Joining him in the appeal are Andrea Gauntlett, John Pecora, Judith Consentino, Marielaina Lorrey, and Michael Greeley, all of North Chelmsford, and Alan Nakashian-Holsberg and James Coveno of Westford.
The residents’ appeal makes the same charges as the selectmen’s Dec. 2 appeal. They are:
- The settlement agreement violated the state’s Open Meeting Law because it was the “product of a mediation and/or conferences between and amongst the members of the Planning Board and Board of Selectmen.”
- It did not get the approval by a required super majority of the Planning Board because only three of five members signed the agreement. A super majority would have meant at least four members signed the document.
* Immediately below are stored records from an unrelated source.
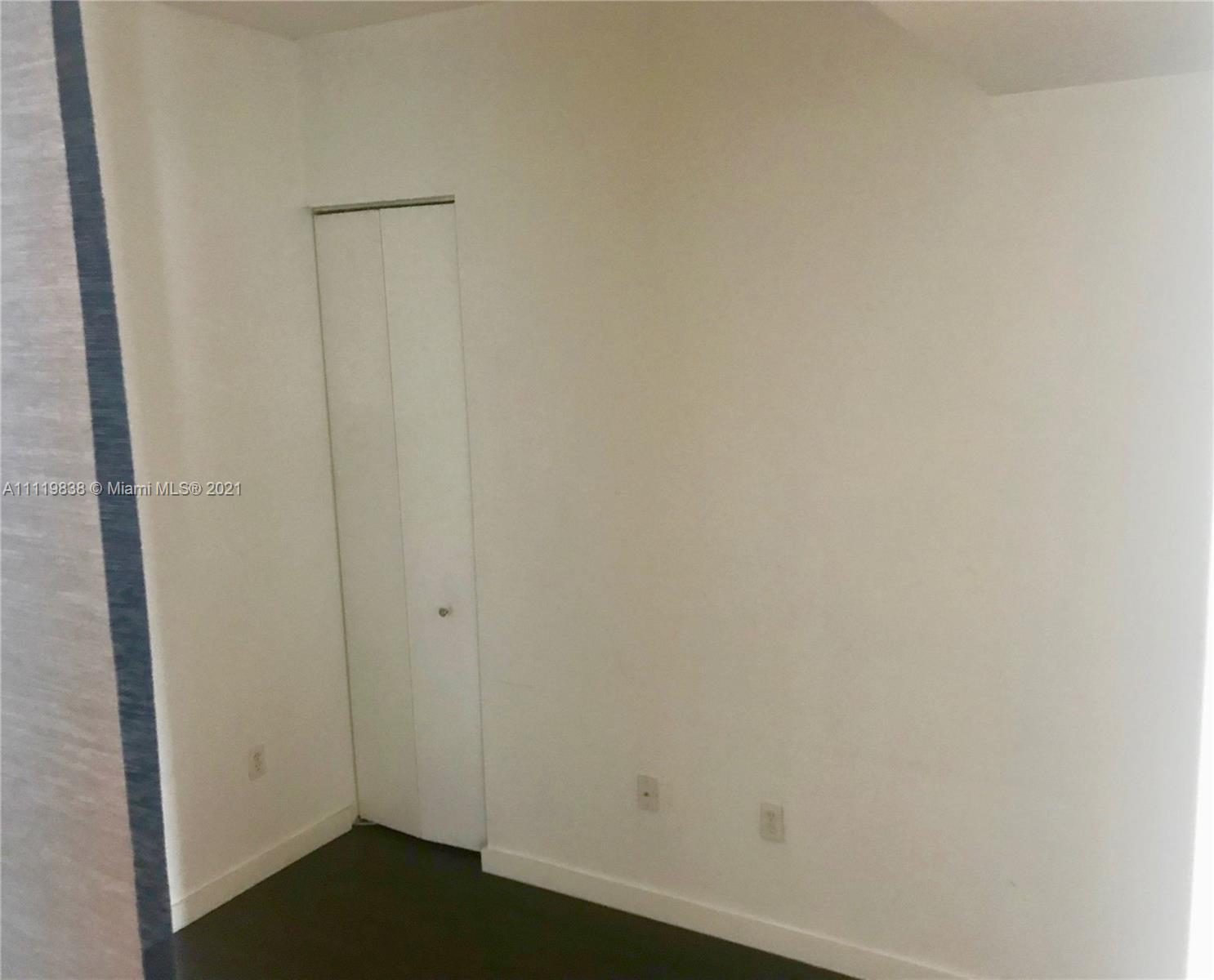 EDGEWATER LOFTS - Residential Lease
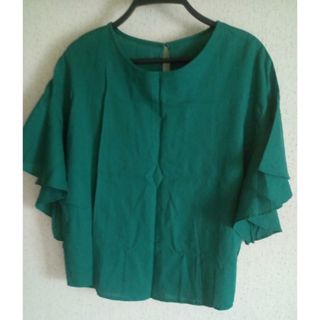 ジーユー(GU)の◎81様専用　　　　GU レディーストップス フリル袖　洋服　服(シャツ/ブラウス(半袖/袖なし))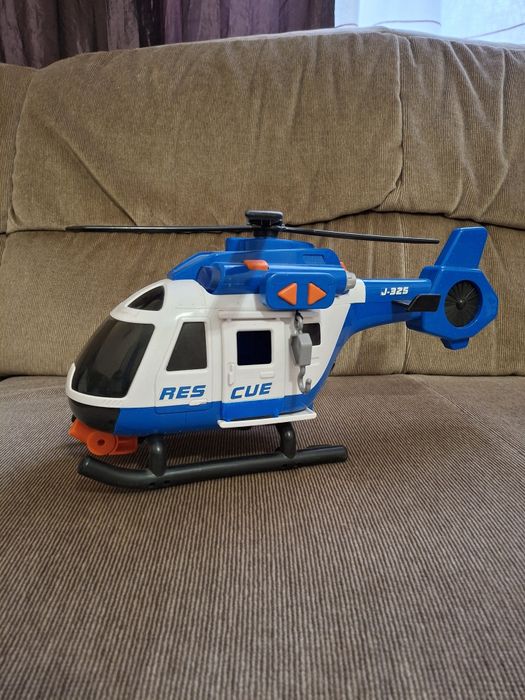 Великий набір рятувальників: Гелікоптер зі світлом, Військовий корабль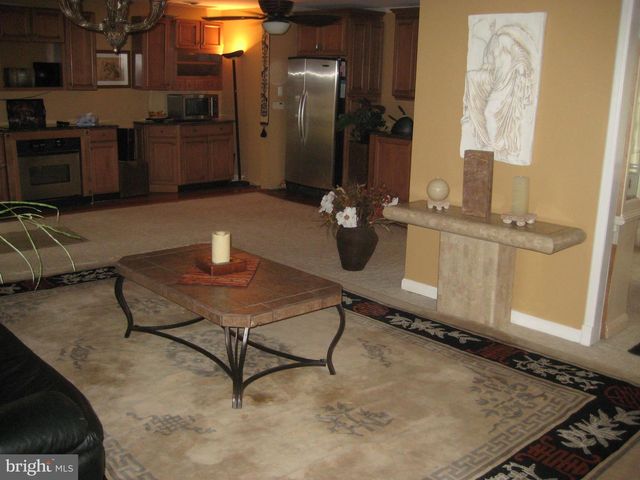 2063 WOODFORD RD, Vienna, VA 22182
- The project does not meet the requirements for light manufacturing under Westford’s Zoning bylaws. “Neither the Board of Selectmen nor the Planning Board therefore has authority, even with a supermajority vote…in its favor, to issue an MCP for the Project.”
- The project does not meet the requirements of a major commercial project special permit, and the issuance exceeds the Planning Board’s authority.
- Selectmen and Planning Board members exceeded their respective authority by issuing the special permit. The plaintiffs call the action “arbitrary and capricious, and legally untenable.”
The court document seeks to:
- Annul the decision of the Planning Board to grant the special permit;
- Or remand the matter back to the Planning Board with instructions requiring the board to deny the application for the special permit;
- The appeal also seeks reimbursement of reasonable attorney fees for the eight plaintiffs.